Mirah turun dari pembaringan. Semua barang yang akan dibawanya sudah siap sejak pagi-pagi sekali. Ada keinginan untuk kabur saja sa’at itu. Bahkan dia sudah melangkah jauh dari kemarnya, menuju arah keluar.  Tapi tangisan Bintang mengiris jantungnya.  Yu Miraaah.. aku mau yu Mirah.... Dan air mata kembali bercucuran.  Mirah melangkah kembali ke kamarnya, lalu ia hanya termenung, sampai kemudian Handoko menjemputnya.

“Mirah... ayolah..”

Mirah melangkah pelan,

***

Bintang bersorak ketika melihat bapaknya berjalan bersama Mirah. Tak sabar ia melompat turun dan langsung memeluk Mirah.

“Yu Mirah... “

Mirah mengangkat tubuh Bintang, menciuminya bertubi-tubi. Sesungguhnya Mirah tak tega meninggalkan Bintang. Airmatanyapun berlinang-linang.

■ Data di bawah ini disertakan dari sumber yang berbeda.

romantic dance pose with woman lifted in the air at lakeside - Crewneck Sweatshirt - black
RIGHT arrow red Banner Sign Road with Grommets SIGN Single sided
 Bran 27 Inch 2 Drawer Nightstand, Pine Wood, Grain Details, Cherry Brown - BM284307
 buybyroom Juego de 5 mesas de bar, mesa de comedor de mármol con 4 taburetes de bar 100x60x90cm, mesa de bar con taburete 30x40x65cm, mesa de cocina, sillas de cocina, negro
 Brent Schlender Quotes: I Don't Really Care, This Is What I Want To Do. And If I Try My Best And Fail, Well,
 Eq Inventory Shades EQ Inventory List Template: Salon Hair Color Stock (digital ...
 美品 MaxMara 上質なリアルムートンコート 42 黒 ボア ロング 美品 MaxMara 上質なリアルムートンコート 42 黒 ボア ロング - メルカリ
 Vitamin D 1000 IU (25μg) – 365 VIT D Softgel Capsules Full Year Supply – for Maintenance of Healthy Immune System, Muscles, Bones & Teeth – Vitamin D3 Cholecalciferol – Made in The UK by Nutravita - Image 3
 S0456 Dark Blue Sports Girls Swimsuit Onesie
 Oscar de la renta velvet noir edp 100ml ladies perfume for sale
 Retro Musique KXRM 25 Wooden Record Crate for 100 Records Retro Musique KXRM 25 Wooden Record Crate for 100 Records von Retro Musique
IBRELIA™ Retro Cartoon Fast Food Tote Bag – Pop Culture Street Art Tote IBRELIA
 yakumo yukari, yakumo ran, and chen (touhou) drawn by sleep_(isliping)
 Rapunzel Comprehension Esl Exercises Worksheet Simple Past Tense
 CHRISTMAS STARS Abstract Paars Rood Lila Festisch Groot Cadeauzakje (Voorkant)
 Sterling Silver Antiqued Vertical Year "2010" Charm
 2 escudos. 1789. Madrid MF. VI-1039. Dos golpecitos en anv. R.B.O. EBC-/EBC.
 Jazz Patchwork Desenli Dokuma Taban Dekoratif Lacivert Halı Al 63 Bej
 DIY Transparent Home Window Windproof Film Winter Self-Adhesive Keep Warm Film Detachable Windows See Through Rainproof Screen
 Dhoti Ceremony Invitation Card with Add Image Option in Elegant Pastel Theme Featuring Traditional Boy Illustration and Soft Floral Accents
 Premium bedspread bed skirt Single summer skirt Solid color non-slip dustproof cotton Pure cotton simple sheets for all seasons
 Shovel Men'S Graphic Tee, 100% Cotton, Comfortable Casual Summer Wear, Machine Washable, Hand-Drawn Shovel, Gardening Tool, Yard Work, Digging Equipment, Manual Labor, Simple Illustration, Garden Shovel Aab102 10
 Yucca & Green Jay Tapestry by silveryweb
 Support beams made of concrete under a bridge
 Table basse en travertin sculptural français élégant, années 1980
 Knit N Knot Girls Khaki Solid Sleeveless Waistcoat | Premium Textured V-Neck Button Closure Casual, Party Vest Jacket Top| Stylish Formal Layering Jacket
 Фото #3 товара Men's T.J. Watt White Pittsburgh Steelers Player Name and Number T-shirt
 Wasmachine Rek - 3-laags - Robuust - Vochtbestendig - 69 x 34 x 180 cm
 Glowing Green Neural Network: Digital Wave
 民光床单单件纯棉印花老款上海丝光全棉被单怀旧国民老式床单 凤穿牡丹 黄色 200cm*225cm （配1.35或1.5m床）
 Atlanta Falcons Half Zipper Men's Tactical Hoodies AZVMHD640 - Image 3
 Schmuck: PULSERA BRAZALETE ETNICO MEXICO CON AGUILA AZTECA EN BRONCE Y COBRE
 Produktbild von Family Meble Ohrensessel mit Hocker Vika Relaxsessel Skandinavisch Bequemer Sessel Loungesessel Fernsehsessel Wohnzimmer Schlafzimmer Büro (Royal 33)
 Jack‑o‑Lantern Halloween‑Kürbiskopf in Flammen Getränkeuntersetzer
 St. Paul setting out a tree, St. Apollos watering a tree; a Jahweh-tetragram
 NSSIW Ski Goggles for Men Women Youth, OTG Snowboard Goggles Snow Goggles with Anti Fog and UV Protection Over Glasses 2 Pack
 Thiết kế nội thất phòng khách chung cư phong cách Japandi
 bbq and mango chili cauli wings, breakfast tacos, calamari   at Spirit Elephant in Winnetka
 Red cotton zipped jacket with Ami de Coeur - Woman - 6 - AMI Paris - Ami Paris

“Ayo cepat naik..” ajak Handoko.

“Yu Mirah, aku lapar..” kata Bintang pelan. Lalu semua orang tertawa.

“Ya ampun, mas Bintang belum makan?”

“Iya, bangun tidur, mandi langsung mengajak berangkat. Ayo mampir makan dulu saja. “

“Horeee.. yang ada es krimnyaa...” sorak Bintang.

“Tuh Rah, betapa gembiranya Bintang, tega kamu meninggalkannya?”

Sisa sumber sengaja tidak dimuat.